Далее последует рассказ о том, как Хемингуэй вообще стал Хемингуэем, а также о книге, сдвинувшей этот процесс с мертвой точки. Предыстория романа «И восходит солнце» – путь его автора к успеху. Критики давно уже назвали второй роман Хемингуэя «Прощай, оружие!» произведением, обеспечившим писателю место среди титанов литературного пантеона, однако во многом значение романа «И восходит солнце» гораздо более велико. В литературном отношении он, по сути, познакомил массового читателя с ХХ веком.
«Роман „И восходит солнце“ не просто сломал лед, – говорит Лорин Стайн, редактор журнала „The Paris Review“. – Он возвестил о появлении современной литературы, стал эпохальной книгой-достижением. Не знаю даже, можно ли назвать другой такой же момент, когда единственный человек был настолько явным лидером. Достаточно прочитать одну фразу из романа, чтобы стало ясно: ничего подобного ранее еще не было»[3]

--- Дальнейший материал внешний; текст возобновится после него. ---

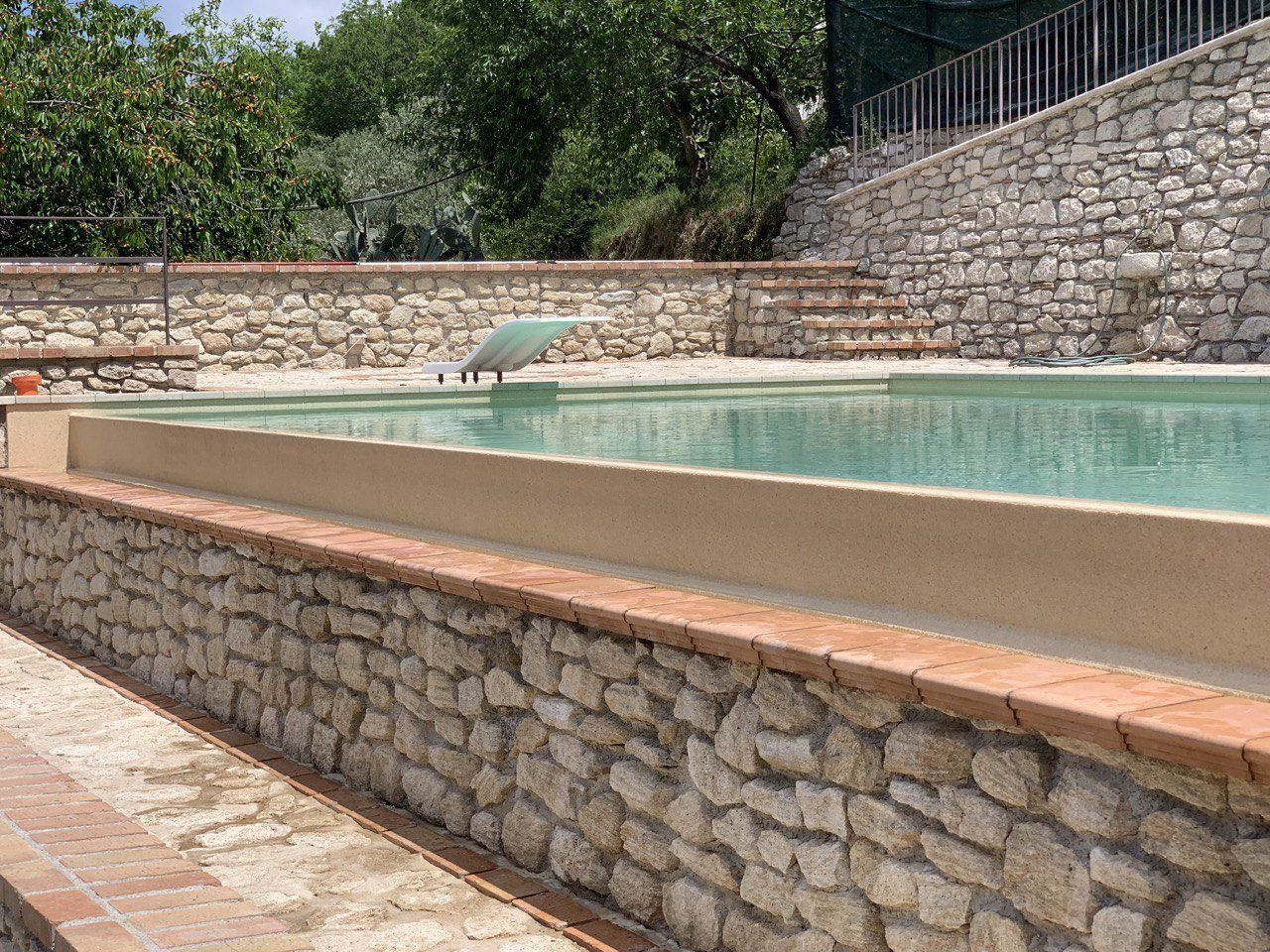 Piscina rettangolare con pareti in pietra e acqua limpida, circondata da pietre e mattoni, con alberi sullo sfondo.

.Однако это не означает, что столь мощное землетрясение ничто не предвещало. Горстка литераторов давно пыталась вытолкнуть литературу из затхлых коридоров эдвардианской эпохи на свежий воздух современности. Вопрос заключался лишь в том, кто прорвется первым и сумеет сделать новый литературный стиль притягательным для коммерческого читателя – большей частью, видимо, полностью удовлетворенного вычурной, многословной прозой Генри Джеймса и Эдит Уортон. Так, например, оригинальный роман Джеймса Джойса «Улисс» явился глубоким потрясением для многих послевоенных писателей.